Search code examples
listwolfram-mathematicasortingmathematica-8

How to sort N lists by the total sum of elements of each list with Mathematica?


Given a list containing k sublists, let A={{a1,a2,a3,...},{b1,b2,b3,...},...}, I want to sort those sublists by their Total[A[i]]. Is there any efficient way to make this?


Solution

  • Note that in many cases, sorting based on Ordering can be faster than SortBy, because it allows us to leverage vectorization. In this particular case, the speed-up is not that huge:

    In[50]:= test = RandomInteger[10,{5000000,5}];
    
    In[54]:= (res1=SortBy[test,{Total}]);//Timing
    (res2 = test[[Ordering[Total[test,{2}]]]]);//Timing
    res1===res2
    
    Out[54]= {1.422,Null}
    Out[55]= {1.125,Null}
    Out[56]= True
    

    But, this is because Total is a built-in function. The whole reason why SortBy was introduced, is efficiency (that is, for a single comparison function. For several comparison functions as tie-breakers, also convenience). It is more efficient that Sort, because it is more specific, and therefore by-passes more steps in the main evaluation sequence. However, there is no way for SortBy to leverage the possible listability (vectorized nature) of the function on which the sorting is based - it is applied to list elements one-by-one. The solution with ordering does explicitly leverage the possibility of whole-sale computation of the sorting function (in this case, Total[#,{2}]& does this), and therefore is faster.

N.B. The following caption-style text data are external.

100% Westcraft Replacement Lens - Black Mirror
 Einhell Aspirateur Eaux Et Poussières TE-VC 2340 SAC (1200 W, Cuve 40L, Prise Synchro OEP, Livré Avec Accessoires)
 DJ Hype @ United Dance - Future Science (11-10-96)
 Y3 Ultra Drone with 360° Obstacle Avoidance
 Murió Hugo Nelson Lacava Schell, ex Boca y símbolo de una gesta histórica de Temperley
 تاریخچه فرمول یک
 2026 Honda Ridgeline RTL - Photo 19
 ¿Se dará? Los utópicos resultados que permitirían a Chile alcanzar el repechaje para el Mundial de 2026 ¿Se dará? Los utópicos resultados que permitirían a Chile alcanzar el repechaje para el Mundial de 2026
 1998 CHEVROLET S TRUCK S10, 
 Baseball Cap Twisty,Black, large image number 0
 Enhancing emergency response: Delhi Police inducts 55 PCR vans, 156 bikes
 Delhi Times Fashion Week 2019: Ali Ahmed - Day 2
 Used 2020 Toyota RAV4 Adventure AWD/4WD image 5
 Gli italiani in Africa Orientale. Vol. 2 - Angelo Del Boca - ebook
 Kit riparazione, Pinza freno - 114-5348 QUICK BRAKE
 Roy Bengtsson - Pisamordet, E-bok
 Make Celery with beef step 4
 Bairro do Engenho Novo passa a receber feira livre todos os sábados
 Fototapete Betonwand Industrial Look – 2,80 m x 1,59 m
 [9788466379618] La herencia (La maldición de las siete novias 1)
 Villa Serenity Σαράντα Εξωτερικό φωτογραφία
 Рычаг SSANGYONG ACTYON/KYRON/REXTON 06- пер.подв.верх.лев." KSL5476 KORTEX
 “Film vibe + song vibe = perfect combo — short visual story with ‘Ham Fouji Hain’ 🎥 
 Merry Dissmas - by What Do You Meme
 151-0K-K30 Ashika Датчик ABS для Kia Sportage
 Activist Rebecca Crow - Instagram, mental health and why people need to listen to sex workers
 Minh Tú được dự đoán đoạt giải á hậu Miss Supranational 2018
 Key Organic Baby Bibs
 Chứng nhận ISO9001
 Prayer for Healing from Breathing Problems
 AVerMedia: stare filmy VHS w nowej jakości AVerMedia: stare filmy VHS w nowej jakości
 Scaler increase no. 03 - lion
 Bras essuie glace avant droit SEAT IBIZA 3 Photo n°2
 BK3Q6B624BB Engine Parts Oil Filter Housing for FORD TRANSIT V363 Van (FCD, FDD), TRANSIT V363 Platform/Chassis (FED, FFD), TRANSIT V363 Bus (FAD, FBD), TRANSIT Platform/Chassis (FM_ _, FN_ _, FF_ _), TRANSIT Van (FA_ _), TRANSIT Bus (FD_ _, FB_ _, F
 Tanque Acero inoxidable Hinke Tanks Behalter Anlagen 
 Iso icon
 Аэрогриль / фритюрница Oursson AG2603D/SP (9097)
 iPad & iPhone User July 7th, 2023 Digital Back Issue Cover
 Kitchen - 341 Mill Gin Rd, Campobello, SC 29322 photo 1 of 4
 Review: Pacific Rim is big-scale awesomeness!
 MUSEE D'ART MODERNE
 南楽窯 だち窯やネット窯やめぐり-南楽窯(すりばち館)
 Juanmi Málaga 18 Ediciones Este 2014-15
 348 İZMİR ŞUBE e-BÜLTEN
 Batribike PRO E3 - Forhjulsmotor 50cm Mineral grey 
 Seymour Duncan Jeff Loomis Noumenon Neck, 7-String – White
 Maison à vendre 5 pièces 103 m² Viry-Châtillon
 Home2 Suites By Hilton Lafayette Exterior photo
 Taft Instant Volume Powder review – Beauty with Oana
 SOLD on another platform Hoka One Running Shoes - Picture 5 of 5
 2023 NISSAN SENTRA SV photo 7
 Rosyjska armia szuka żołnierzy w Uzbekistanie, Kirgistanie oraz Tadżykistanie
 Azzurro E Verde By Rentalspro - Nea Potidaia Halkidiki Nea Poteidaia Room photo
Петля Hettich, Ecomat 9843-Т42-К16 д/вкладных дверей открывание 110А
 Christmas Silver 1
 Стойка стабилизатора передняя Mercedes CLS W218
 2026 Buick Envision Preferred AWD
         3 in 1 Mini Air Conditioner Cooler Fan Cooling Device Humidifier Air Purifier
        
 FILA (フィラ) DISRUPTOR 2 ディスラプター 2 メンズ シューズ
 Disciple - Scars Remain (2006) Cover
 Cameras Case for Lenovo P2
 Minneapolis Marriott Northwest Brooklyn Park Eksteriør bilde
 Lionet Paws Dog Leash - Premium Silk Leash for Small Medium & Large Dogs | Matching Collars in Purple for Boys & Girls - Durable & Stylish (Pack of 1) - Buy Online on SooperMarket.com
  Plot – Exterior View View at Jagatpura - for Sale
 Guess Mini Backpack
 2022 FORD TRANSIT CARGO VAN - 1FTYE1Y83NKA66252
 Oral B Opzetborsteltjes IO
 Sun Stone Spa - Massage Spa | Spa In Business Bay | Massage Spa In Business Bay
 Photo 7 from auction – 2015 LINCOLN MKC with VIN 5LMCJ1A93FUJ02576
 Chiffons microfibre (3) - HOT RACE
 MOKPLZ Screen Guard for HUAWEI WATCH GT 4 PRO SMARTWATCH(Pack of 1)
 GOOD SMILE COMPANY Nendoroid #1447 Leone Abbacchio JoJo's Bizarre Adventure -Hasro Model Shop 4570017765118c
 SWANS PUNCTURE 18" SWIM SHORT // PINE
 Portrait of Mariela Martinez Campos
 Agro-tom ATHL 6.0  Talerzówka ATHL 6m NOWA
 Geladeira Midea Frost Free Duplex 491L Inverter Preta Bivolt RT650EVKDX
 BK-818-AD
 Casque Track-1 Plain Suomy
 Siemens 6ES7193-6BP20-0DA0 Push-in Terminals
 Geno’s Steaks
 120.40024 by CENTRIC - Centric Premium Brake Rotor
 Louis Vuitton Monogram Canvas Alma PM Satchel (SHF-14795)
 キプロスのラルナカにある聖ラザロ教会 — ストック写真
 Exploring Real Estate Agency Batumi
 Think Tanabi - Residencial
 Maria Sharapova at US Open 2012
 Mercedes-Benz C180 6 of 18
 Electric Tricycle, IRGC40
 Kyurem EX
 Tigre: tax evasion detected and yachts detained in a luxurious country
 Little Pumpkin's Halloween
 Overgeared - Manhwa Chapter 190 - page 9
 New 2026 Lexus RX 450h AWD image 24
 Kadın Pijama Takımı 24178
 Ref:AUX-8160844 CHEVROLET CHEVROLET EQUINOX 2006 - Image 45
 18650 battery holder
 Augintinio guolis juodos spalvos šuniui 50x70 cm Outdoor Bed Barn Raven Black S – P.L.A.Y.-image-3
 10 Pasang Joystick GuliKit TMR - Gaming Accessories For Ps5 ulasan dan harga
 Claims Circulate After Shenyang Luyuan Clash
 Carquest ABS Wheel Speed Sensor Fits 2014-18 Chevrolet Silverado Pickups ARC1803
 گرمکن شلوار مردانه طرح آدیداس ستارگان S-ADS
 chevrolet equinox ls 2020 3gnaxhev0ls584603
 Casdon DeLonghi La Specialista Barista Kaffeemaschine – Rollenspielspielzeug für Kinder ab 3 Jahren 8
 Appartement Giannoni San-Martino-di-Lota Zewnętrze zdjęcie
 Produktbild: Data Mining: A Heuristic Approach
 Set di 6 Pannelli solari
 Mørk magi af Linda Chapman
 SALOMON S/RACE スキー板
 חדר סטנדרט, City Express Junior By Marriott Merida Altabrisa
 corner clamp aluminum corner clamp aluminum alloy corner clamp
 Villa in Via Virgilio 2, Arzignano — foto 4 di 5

    If, for example, the task would be to sort according to a total of the second, third and fourth element in each sublist, we'd see a larger performance difference:

    In[60]:= (res3=SortBy[test,{Total[#[[2;;4]]]&}]);//Timing
    (res4=test[[Ordering[Total[test[[All,2;;4]],{2}]]]]);//Timing
    res3==res4
    
    Out[60]= {2.39,Null}
    Out[61]= {1.11,Null}
    Out[62]= True
    

    Generally, the performance boost will be the largest for sorting functions which are both computationally intensive and vectorized, and such that they are much faster when applied to the whole list. Note, however, that the performance boost for sorting will never be as large as for the sorting function itself, for large lists. This is because of the intrinsic complexity of sorting, which is proportional to n*Log[n] for large lists of length n, and this complexity will always be there.